## What the exercise asks
Make an exact copy of all the entries, with the pictures left out.

########

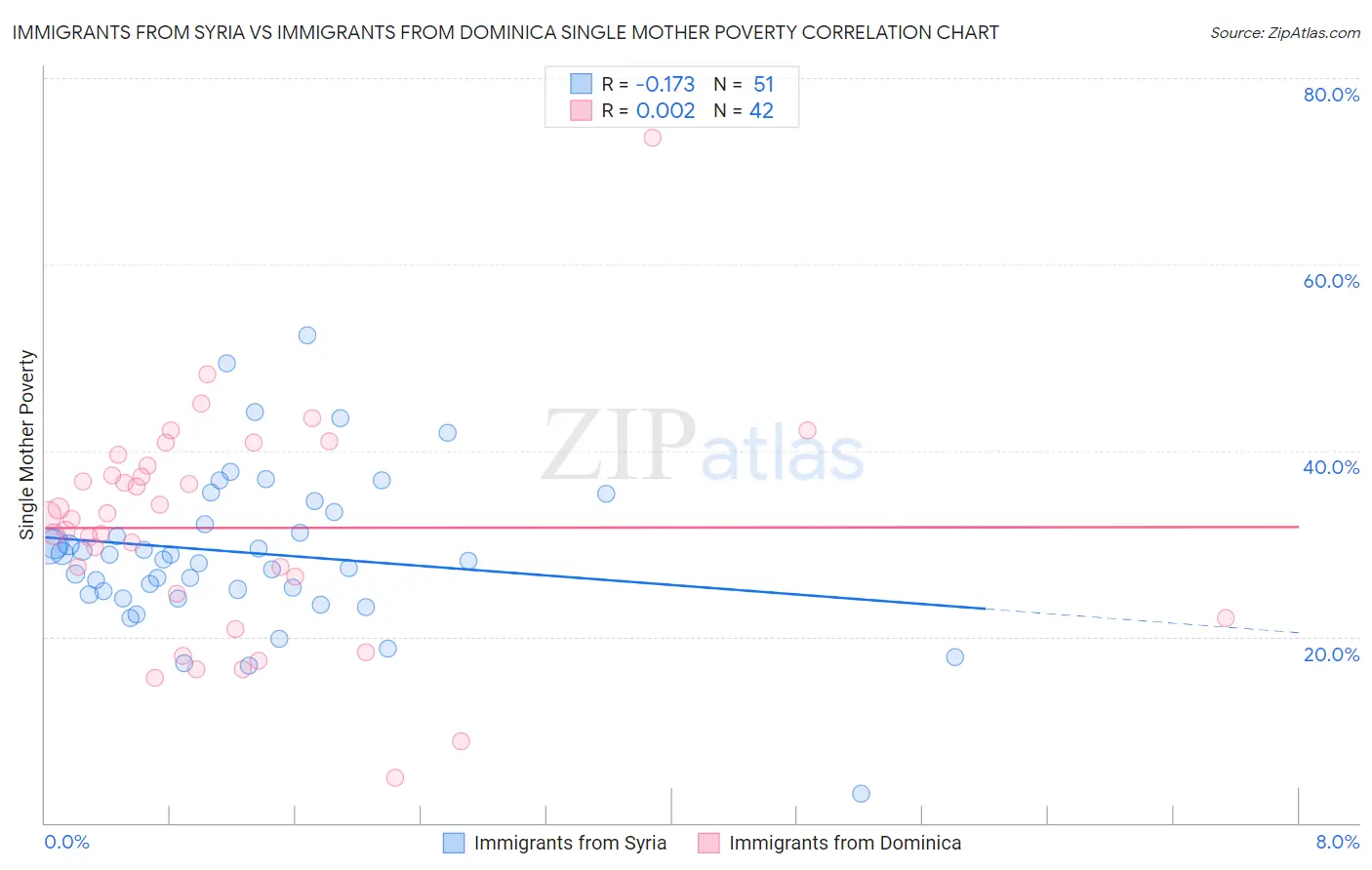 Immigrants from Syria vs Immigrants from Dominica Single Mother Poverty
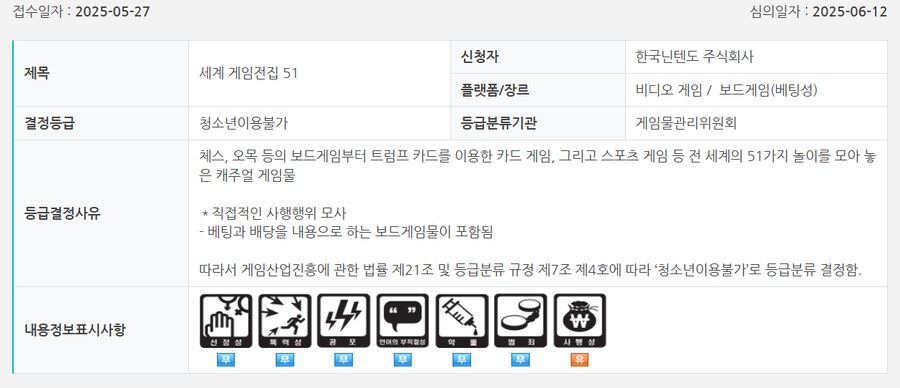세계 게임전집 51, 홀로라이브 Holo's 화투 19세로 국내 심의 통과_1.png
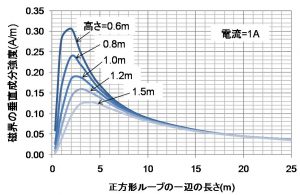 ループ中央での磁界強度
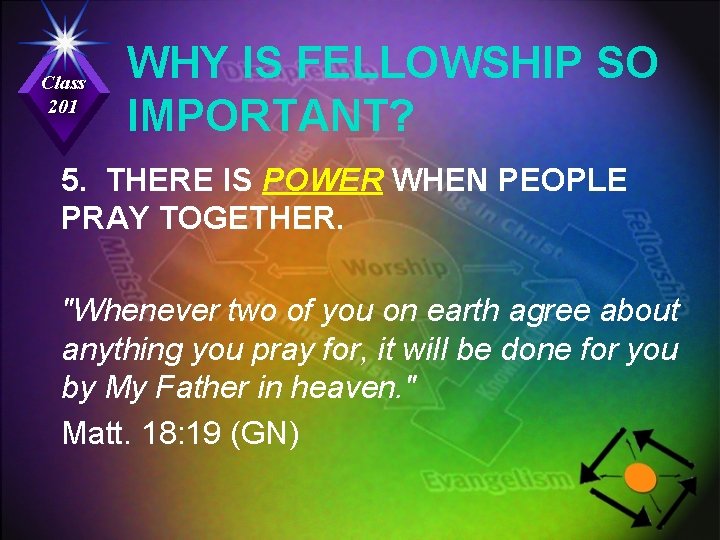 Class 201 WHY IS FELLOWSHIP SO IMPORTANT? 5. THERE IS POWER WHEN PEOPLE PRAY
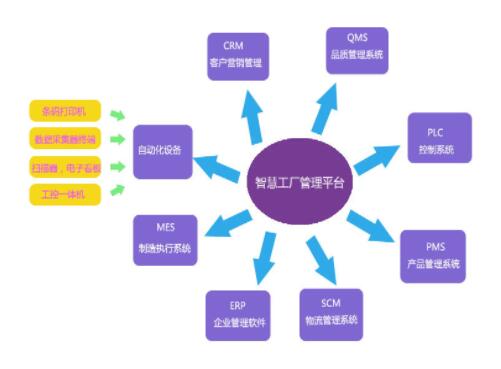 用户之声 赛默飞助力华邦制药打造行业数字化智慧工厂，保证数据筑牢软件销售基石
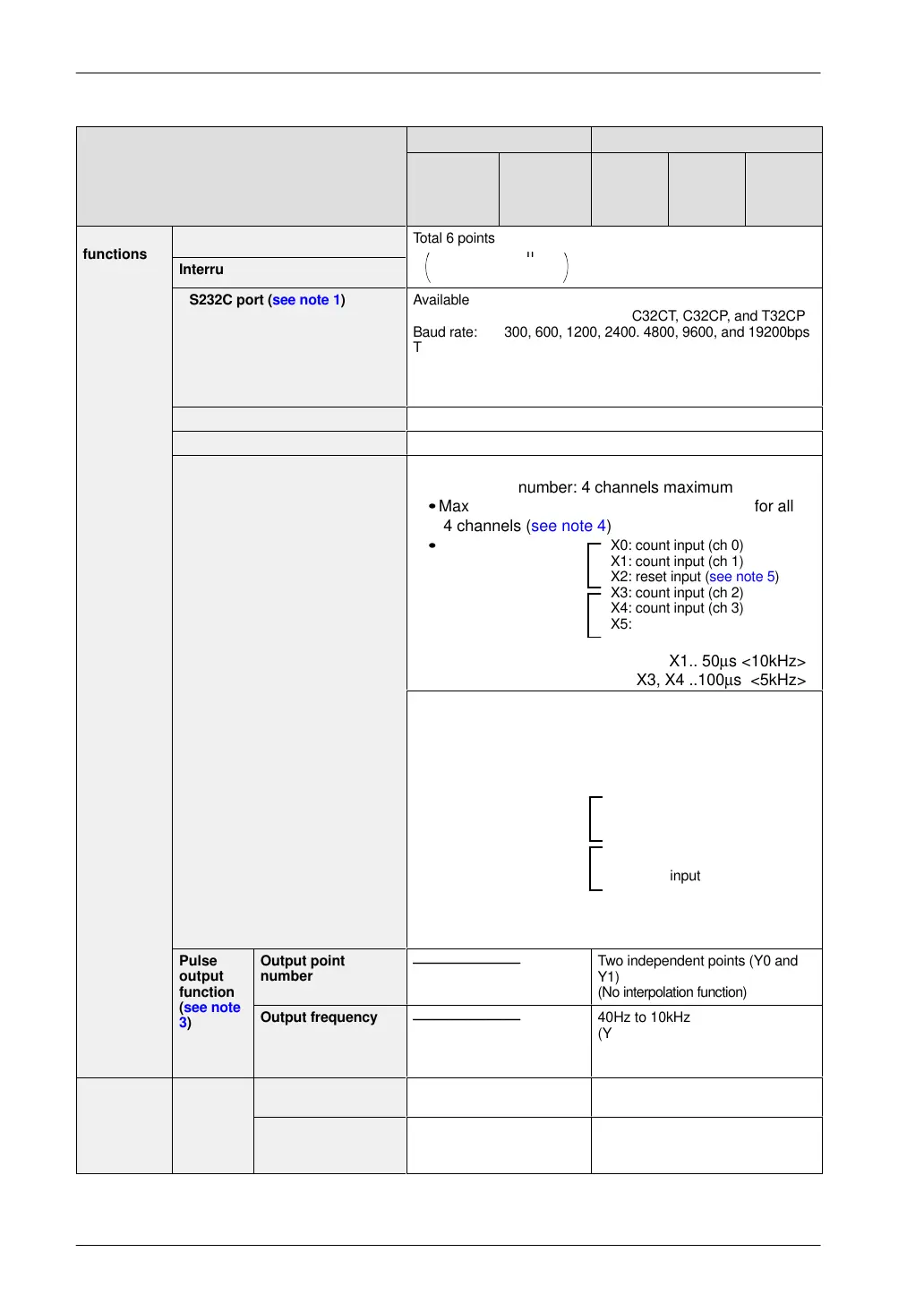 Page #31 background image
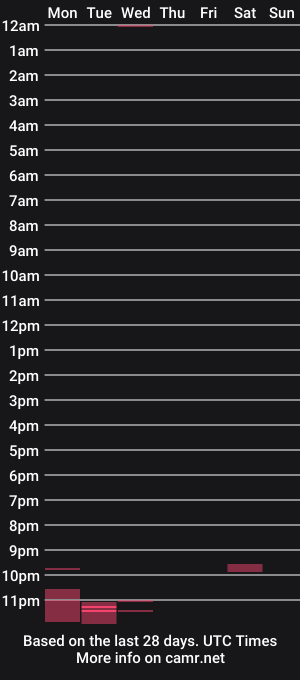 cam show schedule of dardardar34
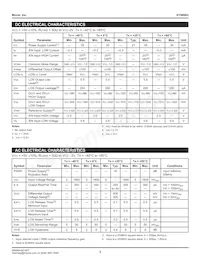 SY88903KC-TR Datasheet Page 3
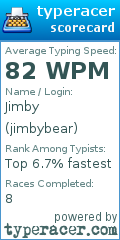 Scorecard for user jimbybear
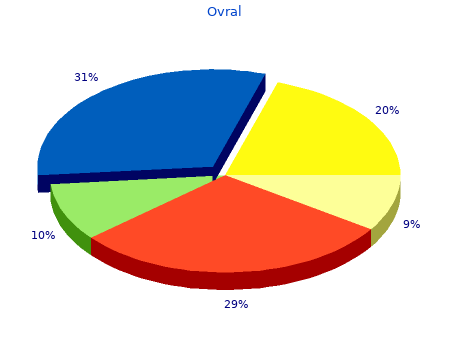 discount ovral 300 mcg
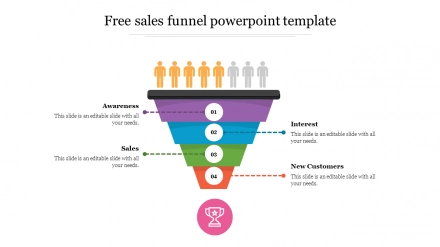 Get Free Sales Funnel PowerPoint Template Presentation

########

## Your response
 Immigrants from Syria vs Immigrants from Dominica Single Mother Poverty
세계 게임전집 51, 홀로라이브 Holo's 화투 19세로 국내 심의 통과_1.png
 ループ中央での磁界強度
 Class 201 WHY IS FELLOWSHIP SO IMPORTANT? 5. THERE IS POWER WHEN PEOPLE PRAY
 用户之声 赛默飞助力华邦制药打造行业数字化智慧工厂，保证数据筑牢软件销售基石
 Page #31 background image
 cam show schedule of dardardar34
 SY88903KC-TR Datasheet Page 3
 Scorecard for user jimbybear
 discount ovral 300 mcg
 Get Free Sales Funnel PowerPoint Template Presentation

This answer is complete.